Self-driving cars are here. And although these so-called autonomous vehicles (AVs) are expected to reduce the overall number of auto accidents significantly, some accidents are still statistically inevitable. This raises an important question for AV industry stakeholders: when human beings aren’t in the driver’s seat, what accident-compensation mechanisms should come into play?
Earlier this month, the Travelers Institute, a unit of the major auto insurer, issued a white paper on insurance for AVs, “Insuring Autonomy: How auto insurance can adapt to changing risks.” Though some have called AVs an existential threat to the auto insurance industry, the Travelers study sees opportunities. Among its recommendations: that the existing auto insurance infrastructure should be extended to AVs; that AV auto insurance should be mandatory; and that mandatory policy limits should be increased to account for more expensive technology in AVs. The Travelers study weighs auto insurance against the product liability regime as alternative accident compensation schemes and concludes that auto insurance is the preferred first-instance solution.
One of the advantages of the auto insurance regime that Travelers cites is that consumers are already familiar with the existing auto insurance infrastructure, including the basics of purchasing insurance for their cars and filing claims. Travelers also asserts that the auto insurance system generally works well as designed, to compensate victims for bodily injury and property damage in a relatively efficient manner while avoiding unnecessary litigation that the courts are ill-equipped to handle. It further points out that continuing to rely on a conventional auto insurance model will “help to ensure consistency during the long period in which AVs and driver-operated vehicles share the road.”
Tort liability, the report contends, is not well-structured to serve as a primary compensation solution. A product-liability-only compensation regime for auto accidents would force consumers into complex and lengthy litigation even for fender benders. For this reason, a product-liability-only compensation regime would be too costly in most instances for victims, the report concludes, and would likely result in under-compensation.
So if the Travelers study’s prediction is correct, we can expect to see traditional auto insurance products adapt to AVs and the corresponding legal and regulatory infrastructures adjust as well. But absent a legislative or regulatory sea change, the tort liability mechanism for allocating the costs of accidents is unlikely to disappear. Product liability litigation—both for vehicle manufacturers and for their component makers—still seems very much a live risk, even in the bright future of AVs, whether for insurers’ subrogation claims or for accident victims’ uninsured or underinsured losses.
Another recent study, “Strict Product Liability and the Internet of Things,” published by the Center for Democracy & Technology, focuses on how the tort system, and specifically strict product liability, would apply to the designers, manufacturers, and retailers of Internet of Things (IoT) products, including AVs. The paper addresses the challenges of figuring out fault and liability for harms caused by IoT products. One of its conclusions is that because of the complex supply chains for the design, manufacture, assembly, delivery, and sale of IoT products, answering the question “who is liable?” can be more difficult than for many non-digital products. The paper predicts that it may be relatively easier to identify whom the law should deem to be at fault and to allocate liability for IoT products in sectors where the Original Equipment Manufacturer (OEM)/Value-Added Reseller (VAR) model is well-established, such as in the automotive industry.

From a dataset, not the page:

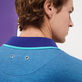 Men Changing Cotton Pique Polo Shirt Solid Azure details view 2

But this does not mean that managing risk for AVs will be any simpler than for products of the past. For IoT- and AV-related accidents, litigation seeking reallocation of loss through tort liability—whether lawsuits brought by creative plaintiffs’ lawyers seeking primary reallocation, or subrogation claims brought by auto insurers seeking secondary reallocation—must be expected. And the costs of that litigation can be expected to be high. As the CDT report observes, in the past it has sometimes taken many decades for the law to adapt to new technologies, both because it takes time for the costs and harms of the emerging technologies to become evident and for the causal links between particular technologies and resulting harms to be established. Establishing responsibility for AV-related accidents in particular cases can be expected to require highly sophisticated investigations into the roles played by specific components in the vehicle and by the algorithms buried within them. At least in the near term, therefore, we can expect AV-related product litigation to entail disputes over both the applicable legal rules and the nitty-gritty details of individual accidents.

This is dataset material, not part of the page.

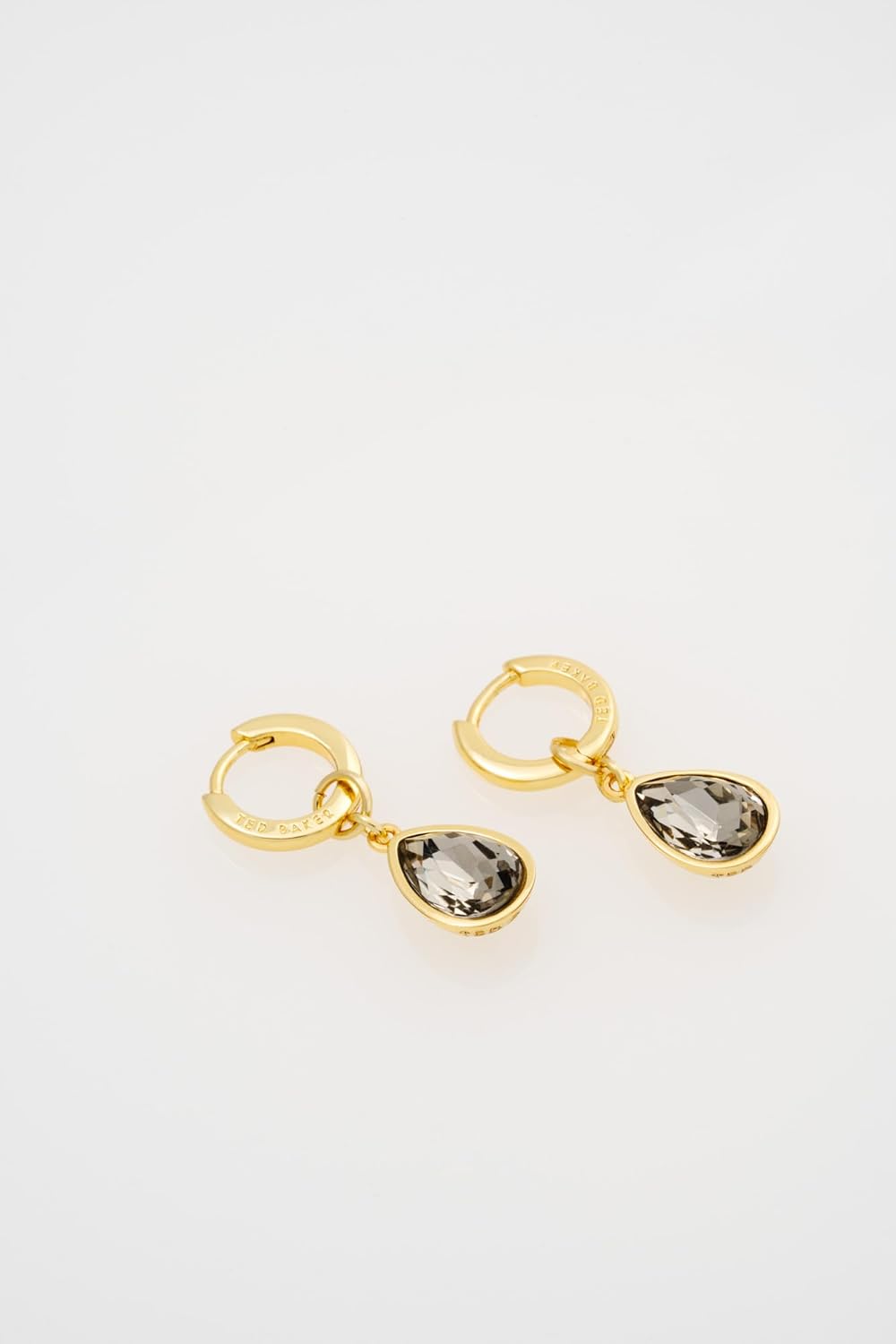 Ted Baker London Divine Crystal Drop Huggie Earrings for Women (Gold/Black Crystal) - Image 5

Ensuring protection from liability insurance for that costly AV-related product liability litigation, in turn, may also require expert insurance coverage analysis, both at the underwriting stage and at the claim stage—particularly under current standard insurance offerings, which were not drafted with an eye to artificially intelligent products. Also requiring close scrutiny are the indemnity and insurance procurement clauses in vendor contracts that are designed to transfer or distribute product liability risks among various supply chain participants. Both insurance coverage and the risk-related provisions in vendor contracts are essential pieces in the enterprise risk management puzzle for IoT and AV industry stakeholders, and both warrant careful attention.